The rest of the course was easier. I was able to recover on the fifth mile for a 9:41, which I'm proud of because it's typically hard for me to bring my speed back up after a significant slowdown; this was a real triumph of mental game I started to fall apart on the last 1.2 miles of the race; I was mentally in it, but my legs felt loose and heavy, and I ran a 9:59 sixth mile, probably a very uneven one. I got a little bit of fire back at the end and finished with 0.35 at a 9:26 pace.
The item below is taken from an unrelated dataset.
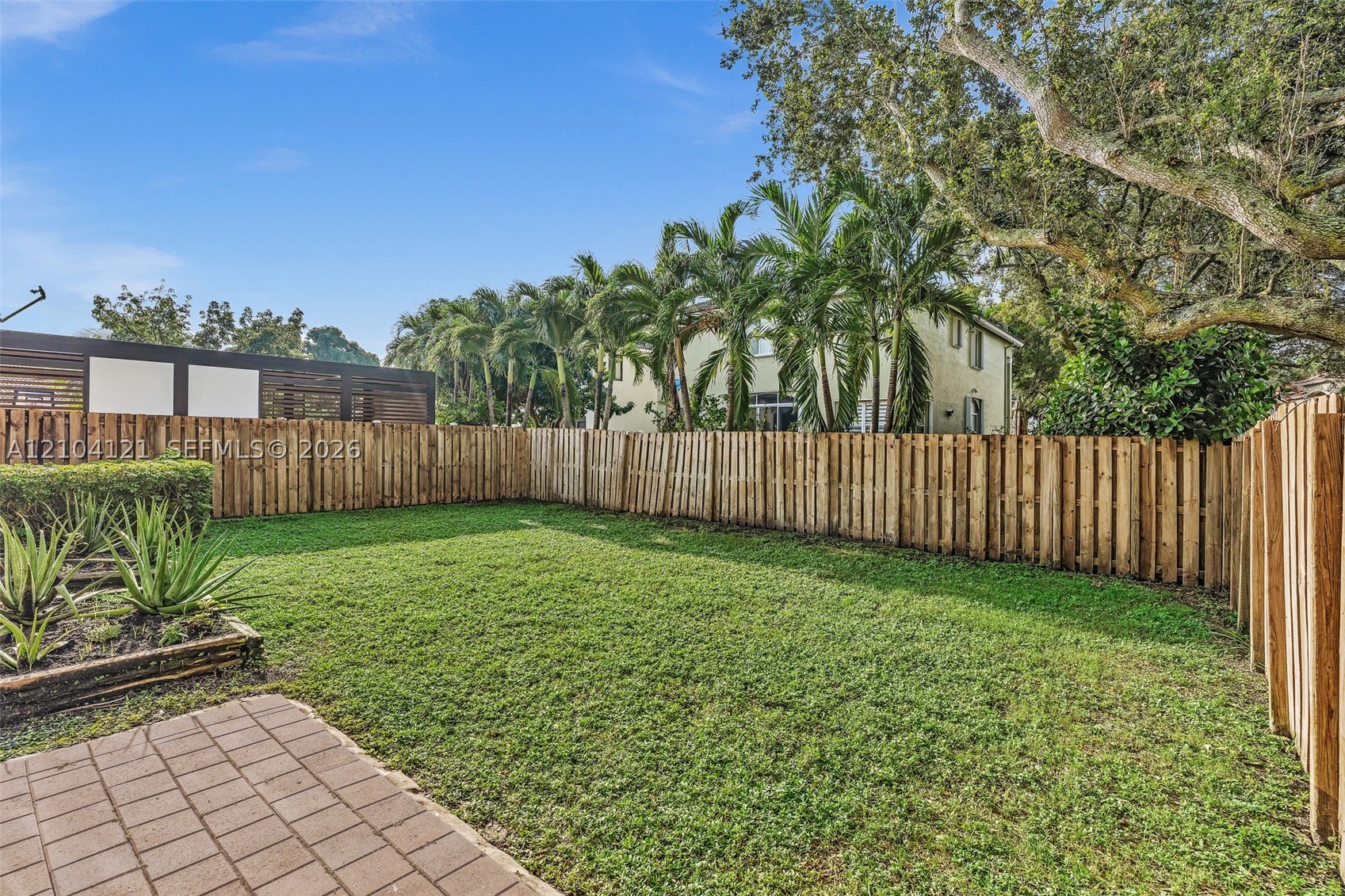 Pembroke Pines photo 5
My garmin total was 6.35 miles at a 9:48 average pace; and my official time was 1:01:58 for 6.2 miles with a 9:59 average pace. For me this is... well, kind of incredible. I'd said something, a few weeks ago, about how it would be cool to run a 10k in under an hour, but I thought it would take a long time - multiple seasons - to get in that kind of shape. But based on this race, it would really just take a cooler day, a flatter course, and proper mental preparation.